System developed with Ken Butler, Gary Hatfield and Bob Stagat
URL for this frameset: http://elynah.com/tbrw/tbrw.cgi?2000/kpairwise.2.shtml
In order that the committee can have accurate pairwise comparisons on which to base delicate selection and seeding questions, we propose replacing the Ratings Percentage Index with a rating which more reliably combines won-lost-tied record and strength of schedule, and replacing simple winning percentage with a similar schedule-adjusted measure in the criteria of record vs other teams under consideration, record in recent games, and record vs common opponents. We propose no modification to the fifth criterion, head-to-head results.
Before describing a replacement for the Ratings Percentage Index, it is worthwhile to consider the goals of RPI itself. The RPI, like the rest of the selection criteria, considers only the outcomes (won, lost, or tied) of games between tournament-eligible teams, without regard to details such as home-ice advantage or margin of victory. It seeks to adjust a team's winning percentage by the strength of their schedule. If it were applied to the results of a league playing a full balanced schedule, it would rank the teams in precisely the same order as winning percentage. Another rating system which has these properties is the Bradley-Terry system, which has been applied over the years to such diverse fields as ranking chess players and modelling taste tests, and is known in college hockey circles under the name Ken's Ratings for American College Hockey (KRACH). The KRACH ratings for a pair of teams can be used to predict the percentage of games a particular team would be expected to win in head-to-head competition. For example, if team A has a KRACH of 300 and team B has a KRACH of 100, team A would be expected to win three times as often as team B head-to-head, i.e., accumulate a Head-to-Head Winning Percentage (HHWP) of .750. The actual KRACH ratings are those which predict an overall winning percentage (average of the HHWPs against each opponent, weighted by the number of games played against that opponent) for each team which is equal to their actual winning percentage.

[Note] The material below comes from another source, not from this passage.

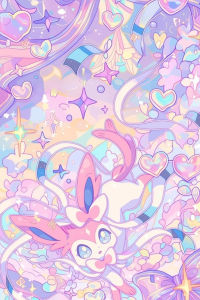 Bandai | DIY Pokemon Sylveon Diamond Painting Graceful Fairy‑type Art With Bow Ribbon And Floral Scenery for Living Room Decor & Gift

In practice, finding the KRACH ratings requires a computer program and a knowledge of mathematics roughly associated with an undergraduate degree in the physical sciences. However, verifying that a set of ratings is correct is much simpler, probably moreso than calculating the Ratings Percentage Index, when the details of excluding head-to-head games from the latter are taken into account. To check that the KRACH ratings are correct, one need only add up each team's expected probability of a win (HHWP) for each game played and verify that it matches the total number of wins (with a tie counting as half a win) that that team recorded.
Since the KRACH ratings provide a predicted HHWP (head-to-head winning percentage) for any team against any other team, they can be used to calculate the winning percentage a team would accumulate if they played each other team an equal number of times. This expected Round-Robin Winning Percentage (RRWP) will agree with the actual winning percentage if a team has actually played a full round robin schedule.
There are of course other numerical ranking systems for college hockey, but all of the others in common use either consider additional factors not used in RPI and KRACH (e.g., CHODR, CCHP, and Massey), or they do not reproduce the familiar ranking by won-lost-tied record when applied to a balanced schedule (e.g., HEAL and RHEAL). KRACH is thus the most natural replacement for RPI, as it shares the same design goals. However, it achieves those goals more successfully; this can be seen via theoretical arguments (in brief, the nonlinearity of the system--the ratings themselves are used to judge the strength of a team's opposition--allows it to make more use of the most significant results), and also in practice by its response to the MAAC situation the past two years. The highest-rated MAAC team, Quinnipiac, was 11th out of 54 teams according to RPI this season, but only 44th according to KRACH. This is consistent with the argument that while Quinnipiac accumulated a 20-5-3 overall record, neither they nor any other MAAC team defeated a member of an established conference in nine games this year. The eight tournament-eligible members of the MAAC went 1-2 against Niagara and 4-13-2 against Army and Air Force, the other tournament-eligible members of CHA.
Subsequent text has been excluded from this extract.